A - Dans la majorité des cas les webmasters n’ont pas à leur disposition de données permettant d’identifier des personnes
La première question est de déterminer si l’usage de Google analytics va générer un traitement de données personnelles, car c’est ce qui va générer l’application du RGPD. En d’autres termes, la quesiton est de savoir si un webmaster peut identifier une personne physique grâce à Analytics.
Nous avons deux cas - en fait qui sont plutôt rares - dans lesquels on peut répondre indiscutablement que oui Google Analytics va générer l’application du RGPD :
- si le webmaster dispose d’URL contenant des données personnelles (ex : www.site.fr/jean-dupont) - ces données seront alors transmises à Google, et,
- second cas, si le webmaster transmet volontairement des données personnelles à Google analytics (ex : le webmaster envoie un userId dans les évènements - comme dans un cas ou un achat a été effectué).
Toutefois, si ces deux cas sont clairs, et vont rendre le gestionnaire du site web responsable du traitement, ce n’est toutefois pas le cas d’usage de la majorité des webmasters qui utilisent Analytics pour disposer de statistiques agrégées (nombre de visites par jour/mois…).
Et, contrairement à ce qu’affirme la CNIL, pour la majorité des webmasters, il n’est pas possible au moyens de données agrégées d’identifier une personne visitant un site web. Dès lors, à défaut de pouvoir identifier une personne, le RGPD ne trouvera pas à s’appliquer.
Toutefois les responsabilités ne s’arrêtent pas là.
B - Google est responsable de traitement pour Google Analytics
Pour autant, si un webmaster n’a pas la disposition de données personnelles des utilisateurs d’un site web, il n’en est pas de même pour Google qui lui va opérer le traitement de certaines données personnelles, dont l’adresse IP qui va forcément dans ce cas d’espèce, générer l’application du RGPD.
Et il y a ici une véritable question que la CNIL a omis dans sa communication : à savoir quelle est l’étendue de la responsabilité de Google, qu’est-ce que Google fait des données collectées, et en particulier, sont-elles réutilisées pour des besoins propres ?
Il y a ici un véritable sujet que de déterminer qui reste dans l’ombre, pour le moment.
Conclusion : pourquoi la communication de la CNIL est problématique
La communication est problématique pour de nombreuses raisons : d’un point de vue technique, de nombreuses entreprises seront effrayées par la communication de la CNIL et vont se ruer vers des solutions gratuites auto-hébergées, sans comprendre que ces solutions nécessitent des mises à jour régulières et une maintenance réelle ; à défaut de mettre en place la maintenance applicative nécessaire, ce type de solution va rapidement se révéler plein de failles de sécurité.

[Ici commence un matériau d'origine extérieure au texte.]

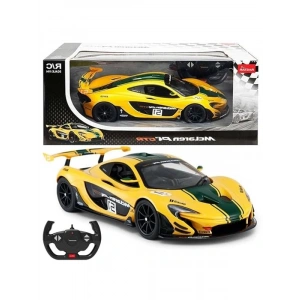 Uzaktan Kumandalı 1:14 Mclaren P1 Gtr, Eğlenceli Oyun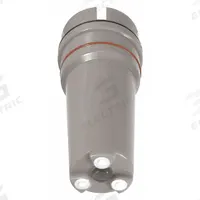 OAKTON Sensor: 3563448, pH, -2 to 16 pH, Flat, Single, Oakton pHTestr™ 5F. Key specifications — Manufacturer Part Number: 3563448; Product Type: Sensor; Junction: Single; Test Parameters: pH; Tip Shape: Flat; Material: ABS Plastic; Range: -2 to 16 pH.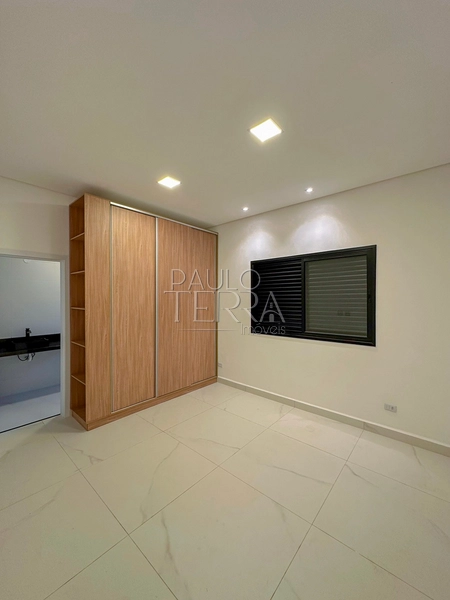 Casa em Condomínio Fechado à Venda em Taubaté – 4 quartos, Piscina, Área Gourmet e Planejados | Cyrela Landscape: 20ª foto da galeria de imagens do imóvel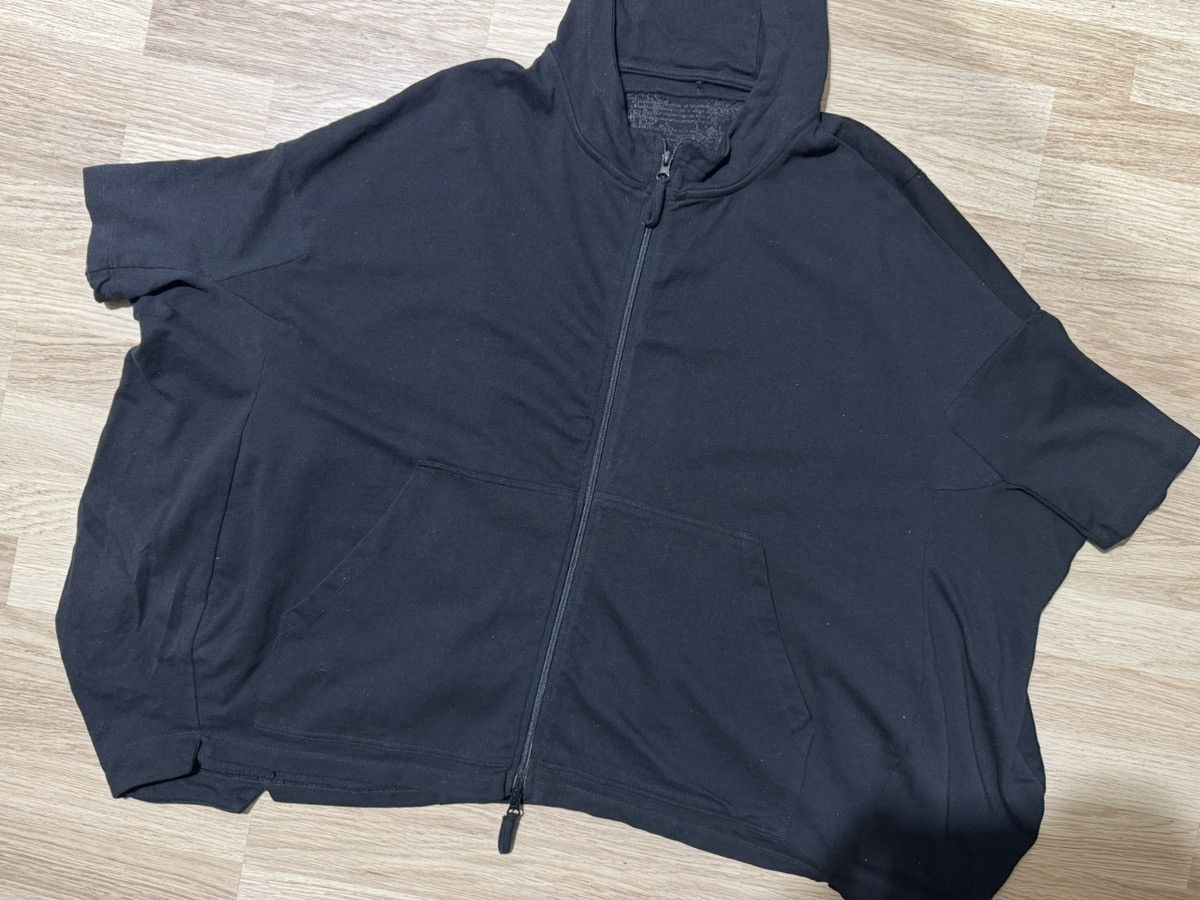 Rundholz Rundholz Black Label hoodie S Size S / US 4 / IT 40 - 3 Thumbnail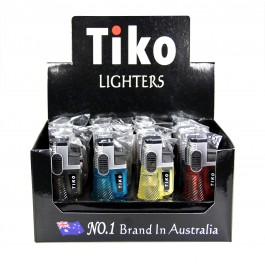 Tiko Lighters - TK0040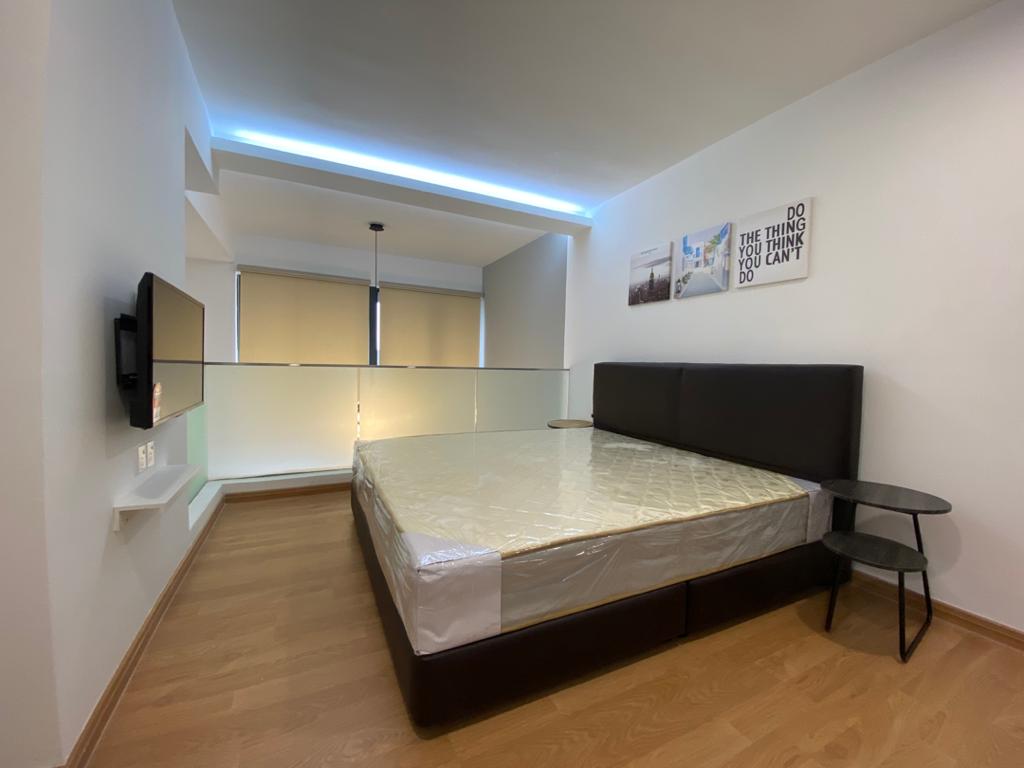 EkoCheras Serviced Residence - photo 6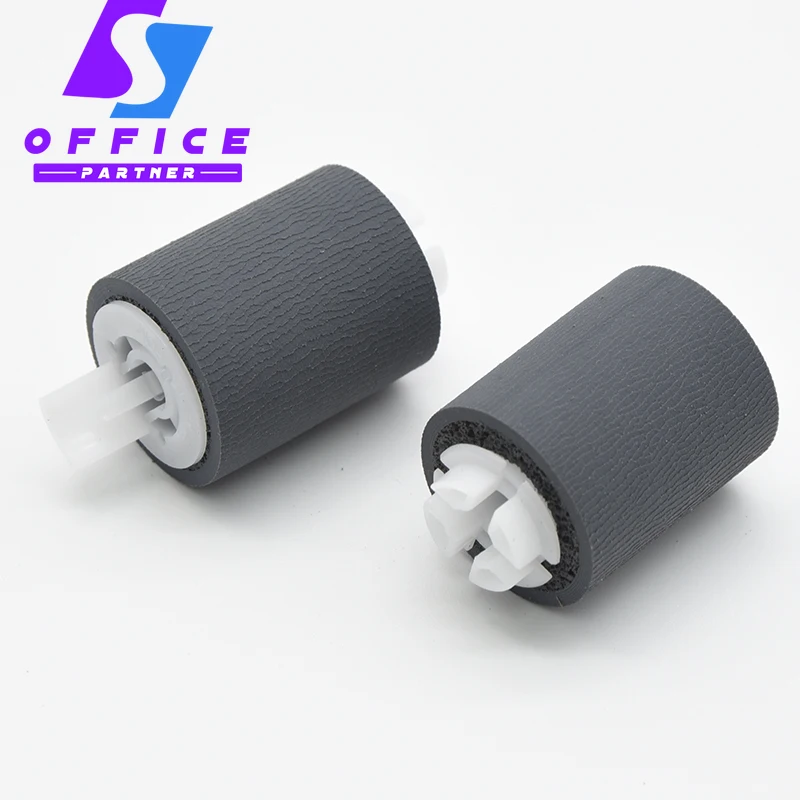 30pcs. FC6-6661-000 for Canon ir1730 2520 2525 2530 2535 irc2550 2880 5180 Cassette Bypass Pickup Separation Roller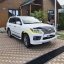 Lexus Lx 570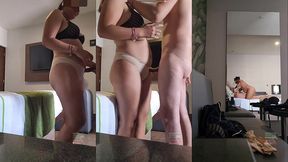 carne fresca, su novio en tijuana ella en gdl, me buscan para que la inicie como hotwife y cornudo stag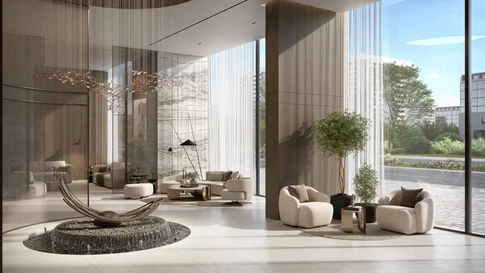 High ROI & Smart Studio Apartment for Sale in Verano, Dubai Studio City gallery 5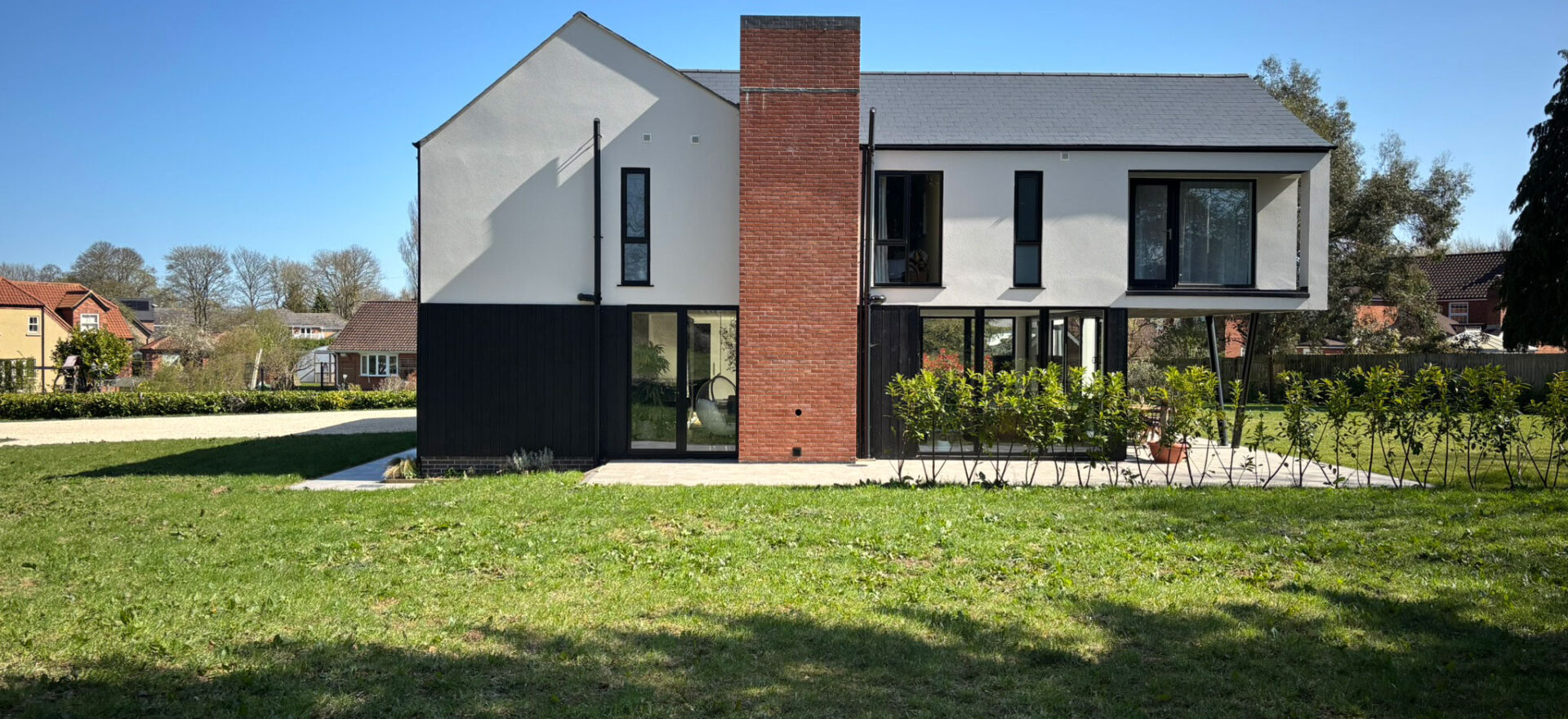 Ashby House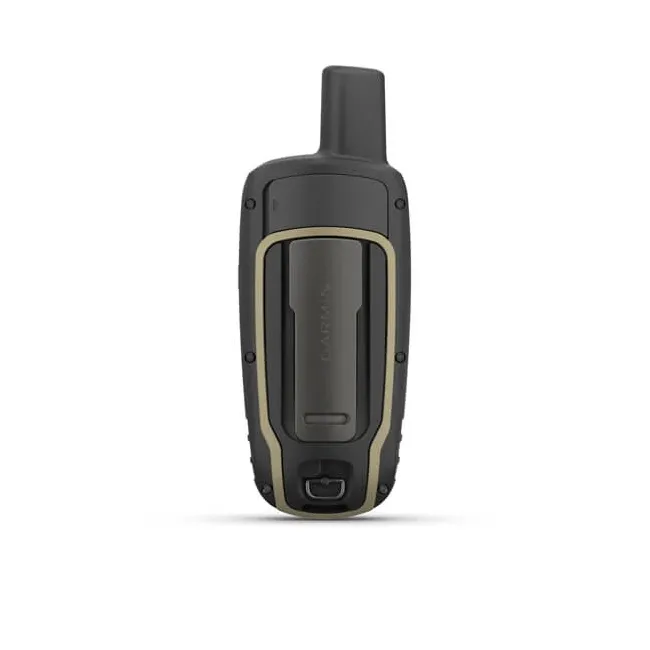 Garmin - GPSMAP 65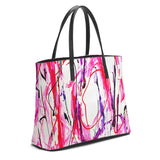 "RING" by PARRILLI - Large Tote Bag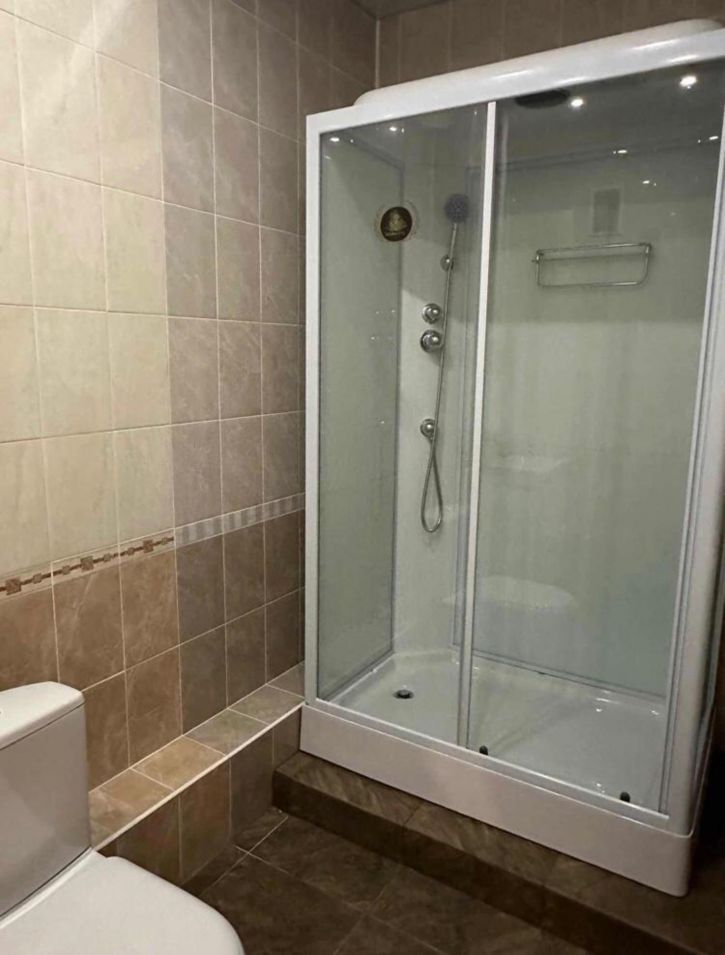 3-комн квартира Халтурина, 6/3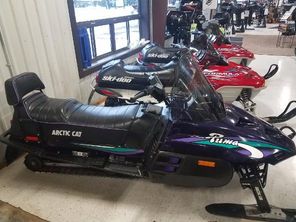 Arctic Cat 340 Puma 2 Up Boats For Sale In Vermont By Dealer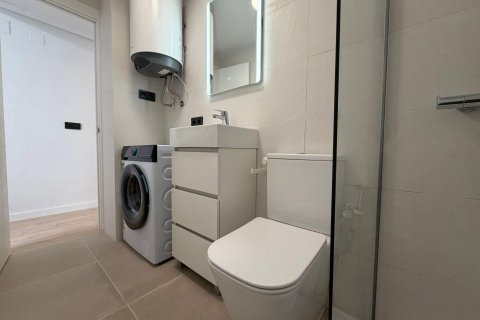 Appartamento in vendita a Torrevieja, Alicante, Spagna 2 camere da letto, 53 mq. N° 183014 - foto 11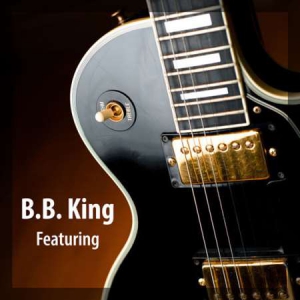 VA - B.B. King - Featuring
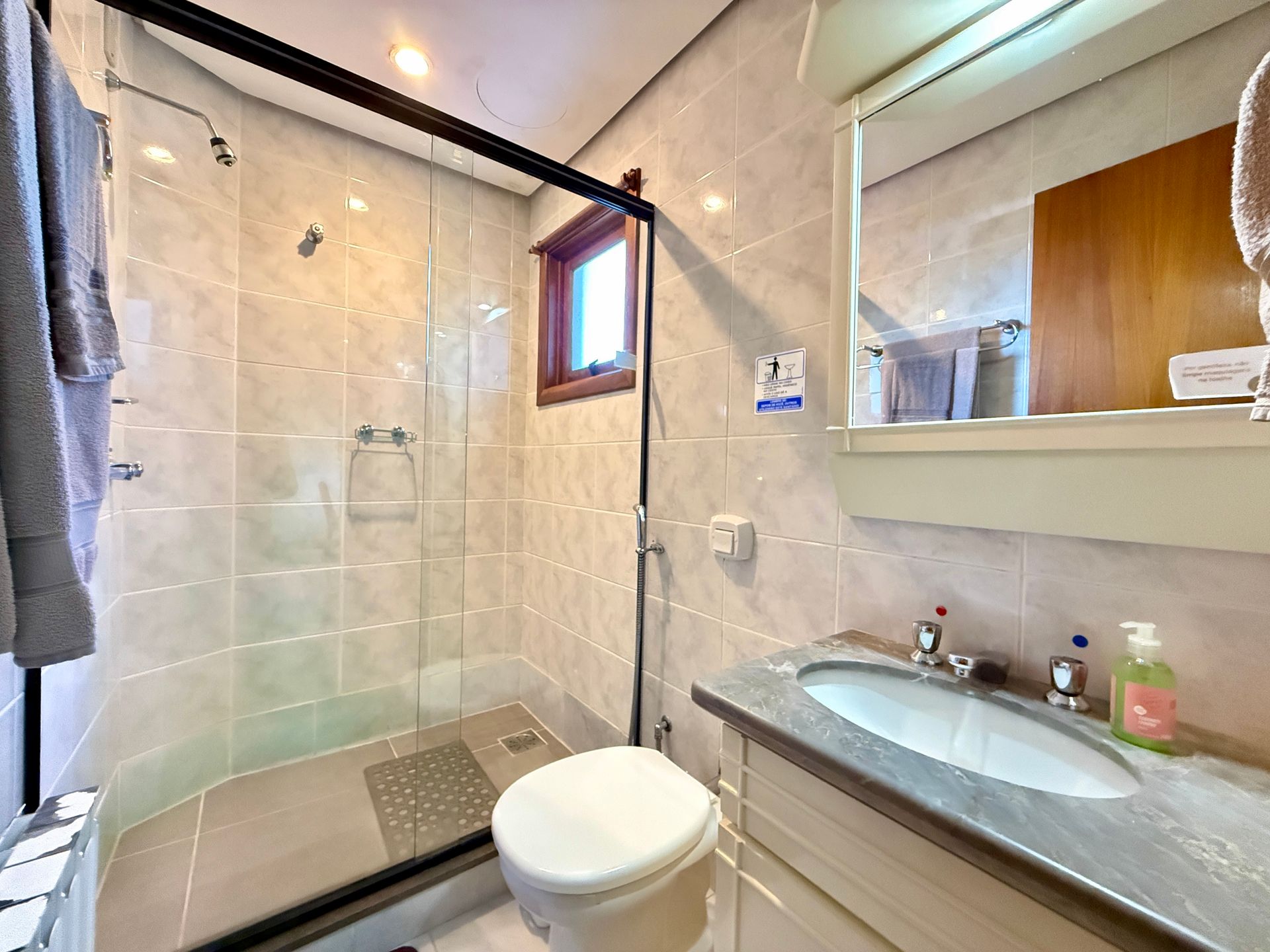 Apartamento para venda no bairro Jardim Bela Vista em Gramado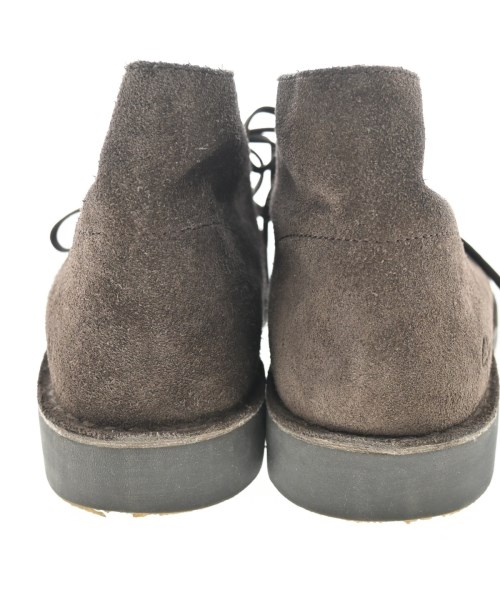 clarks クラークス ブーツ メンズ 【古着】【中古】_6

Des logiciels libres similaires à Google analytics tels que Matamo, nécessitent l’installation de dizaines de packages pour fonctionner correctement, ce qui va générer un nombre important de failles de sécurité qu’il va falloir suivre dans le temps. À défaut d’être mis à jour dans les temps, ces logiciels vont en réalité offrir à des pirates informatiques de belles occasions de déployer des attaques telles que randsomewares. En termes clairs et simples, la communication de la CNIL aujourd’hui, va engendrer des centaines de randsomwares sur systèmes d’information d’hôpitaux, d’administration publique, de petites entreprises, dans les mois à venir.
On semble assister ici à une dérive assez malsaine. La CNIL, qui à l’origine était une autorité administrative indépendante, semble s’immiscer de plus en plus régulièrement dans un jeu politique pour devenir en réalité un outil de taxation et de sanction des GAFA. Nous avions en 1978 un gendarme de la protection des données qui a été créé pour protéger les personnes physiques des risques liés au traitement informatique de leurs données. Nous avons aujourd’hui une autorité qui sert à taxer les opposants politiques du moment (aujourd’hui les GAFA, et demain ?). Ce n’est pas un grand progrès.